→ PROBLEM TO SOLVE: Which lines in the data below contain the word "Exterior"? Pull each of them out.

→ RECORDS TO USE:
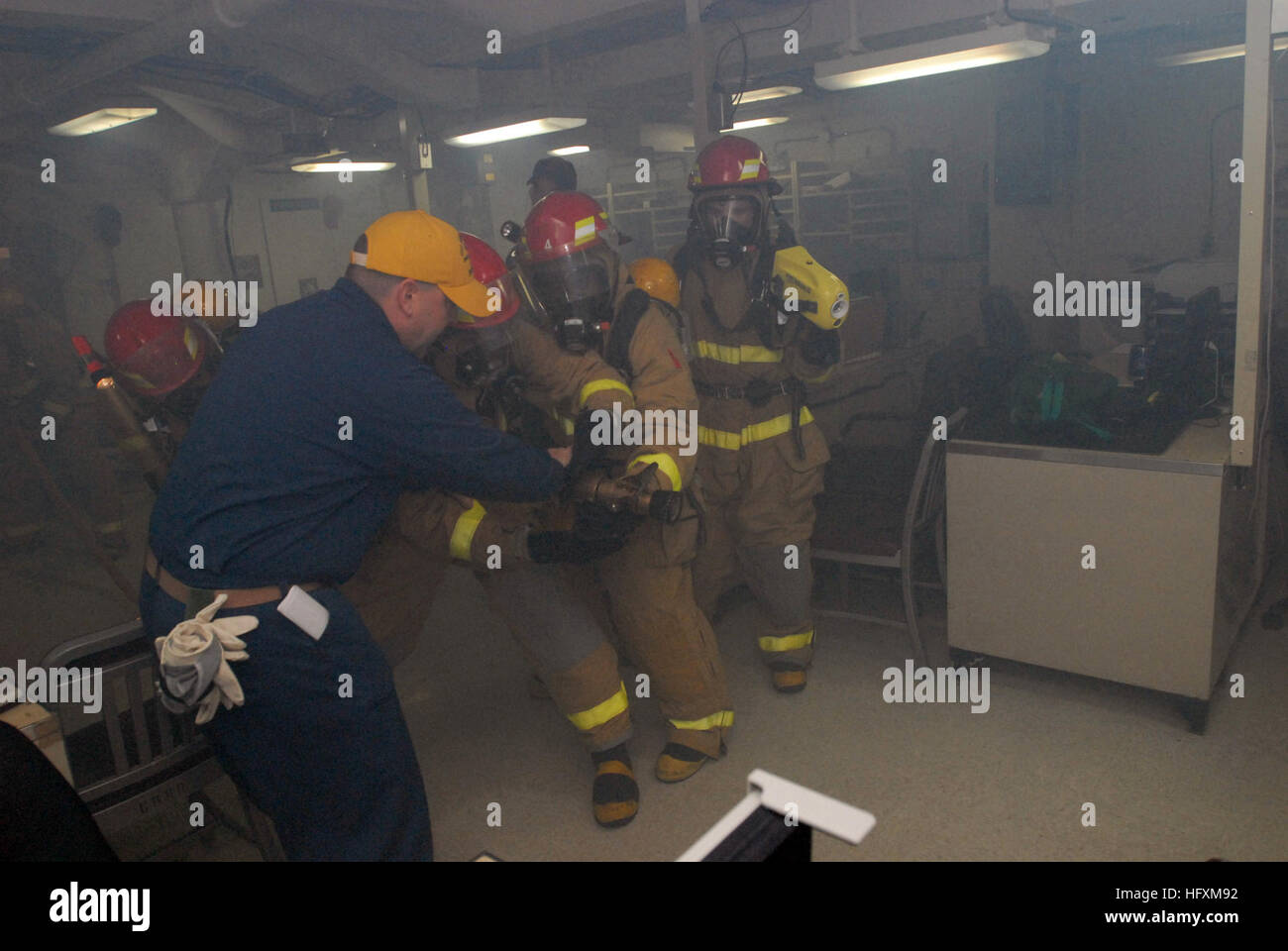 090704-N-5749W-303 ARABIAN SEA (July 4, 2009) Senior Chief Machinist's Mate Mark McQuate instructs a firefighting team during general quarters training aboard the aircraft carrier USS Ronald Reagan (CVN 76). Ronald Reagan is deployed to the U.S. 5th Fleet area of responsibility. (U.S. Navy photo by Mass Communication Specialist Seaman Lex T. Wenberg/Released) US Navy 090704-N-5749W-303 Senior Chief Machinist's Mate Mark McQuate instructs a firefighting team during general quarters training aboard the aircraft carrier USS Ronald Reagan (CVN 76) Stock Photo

==

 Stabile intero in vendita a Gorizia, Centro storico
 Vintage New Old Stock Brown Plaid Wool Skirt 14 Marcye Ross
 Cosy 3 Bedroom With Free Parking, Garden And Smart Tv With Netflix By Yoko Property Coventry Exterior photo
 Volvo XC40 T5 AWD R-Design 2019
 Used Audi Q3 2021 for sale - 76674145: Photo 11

---

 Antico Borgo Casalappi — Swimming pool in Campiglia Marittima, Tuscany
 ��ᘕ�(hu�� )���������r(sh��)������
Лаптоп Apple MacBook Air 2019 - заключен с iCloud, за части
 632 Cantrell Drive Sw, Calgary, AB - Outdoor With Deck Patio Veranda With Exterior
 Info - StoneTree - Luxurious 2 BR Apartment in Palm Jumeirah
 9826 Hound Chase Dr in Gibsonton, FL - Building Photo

→ SOLUTION TO THIS PROBLEM:
 Cosy 3 Bedroom With Free Parking, Garden And Smart Tv With Netflix By Yoko Property Coventry Exterior photo
 632 Cantrell Drive Sw, Calgary, AB - Outdoor With Deck Patio Veranda With Exterior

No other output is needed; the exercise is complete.